Выслушав начальника штаба, контр-адмирал спросил:

— Ваши предложения?

Начальник штаба высказал предложение перебросить в район перевалов дополнительные части и начал перечислять, какие подразделения можно туда направить.

Горшков, выслушав начштаба, спокойно ответил:

— Нет, это не выход из положения.

И, помолчав, добавил:

— Сейчас буду.

Шофер уже подъехал к домику в ожидании контр-адмирала. Сергей Георгиевич, садясь в машину, продолжал обдумывать положение. Нет, это не выход — перебросить части. Это латание дыр. Из одного места снять войска, другое оголить…

Его мысли были настолько заняты тем, как преградить путь врагу, что он не заметил вновь завязавшегося в небе воздушного боя и, лишь когда послышались взрывы, бросил коротко:

— Быстрее к штабу!

Шофер круто повернул на очередном вираже, и машина подъехала к штабу флотилии, расположившемуся в штольне на Приморском шоссе, ведущем от Новороссийска к Геленджику.

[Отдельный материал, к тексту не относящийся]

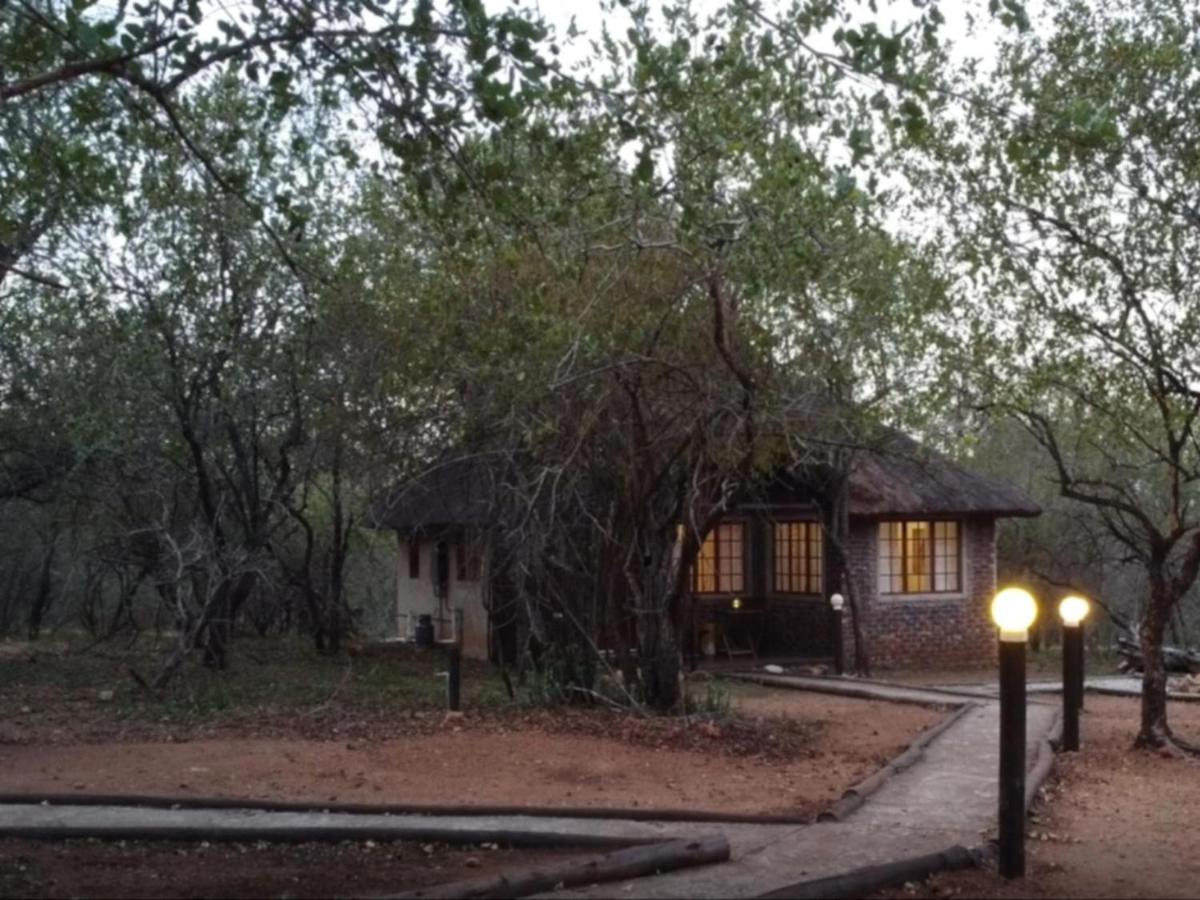 South Safari Lodge マールロス・パーク エクステリア 写真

Спускаясь по крутой лестнице, напоминавшей корабельный трап, контр-адмирал по-прежнему напряженно обдумывал создавшуюся ситуацию.

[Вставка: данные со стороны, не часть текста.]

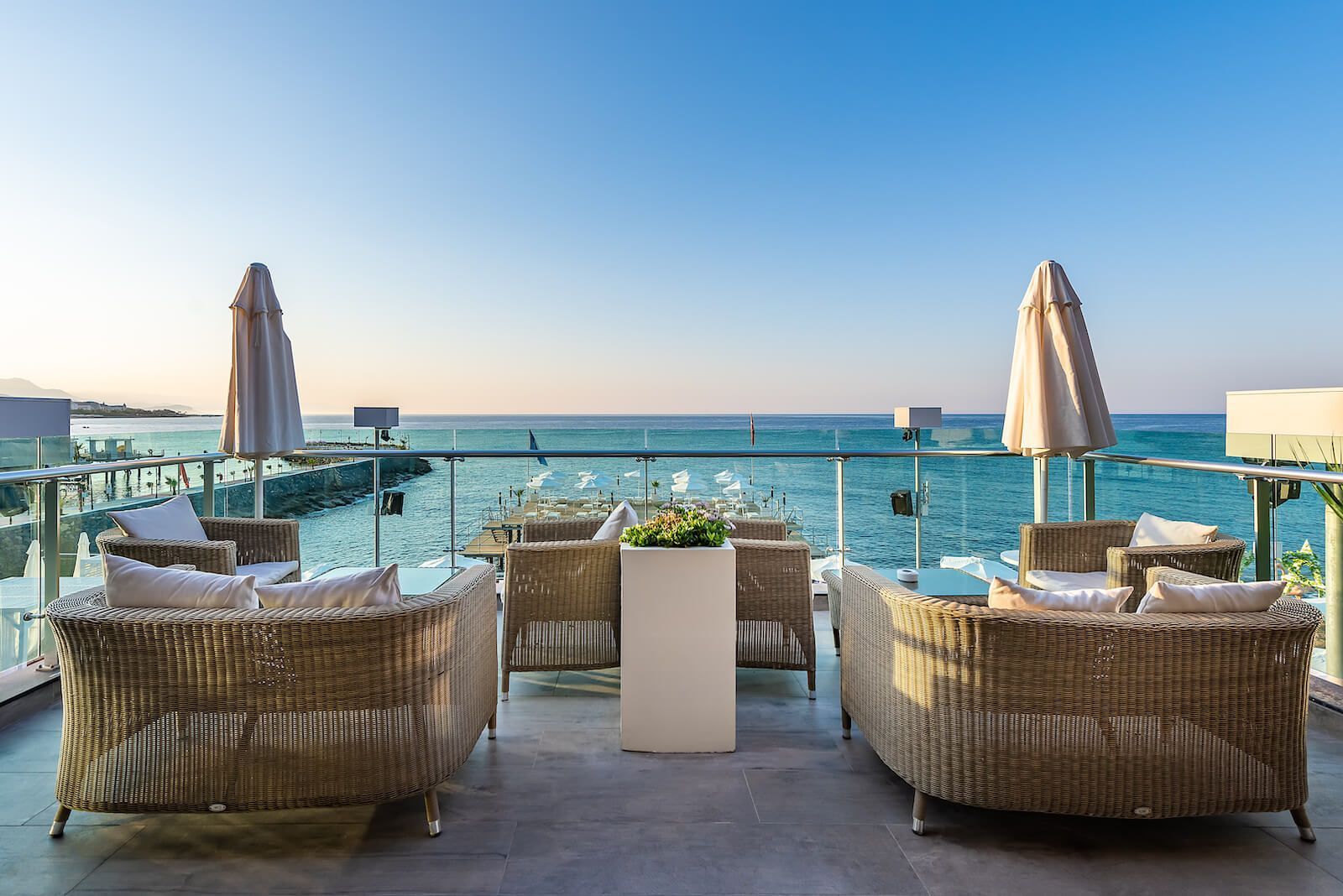 White City Hotels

Узнав от начальника штаба, что положение в районе перевалов продолжает осложняться, контр-адмирал связался с командующим, высказал свои предложения. Вскоре поступил приказ срочно выделить людей из личного состава штабов, учреждений, экипажей плавсредств, создать отряды, включив в них всех способных носить оружие, независимо от воинских званий. Отрядам придать артиллерию и послать на перевалы — в первую очередь Михайловский, Бабича, Кабардинский, Неберджаевский, Волчьи Ворота.

Для обороны важных дорог были выделены роты моряков, их поддерживала береговая артиллерия, бомбардировщики и штурмовики, имевшиеся в распоряжении НОРа.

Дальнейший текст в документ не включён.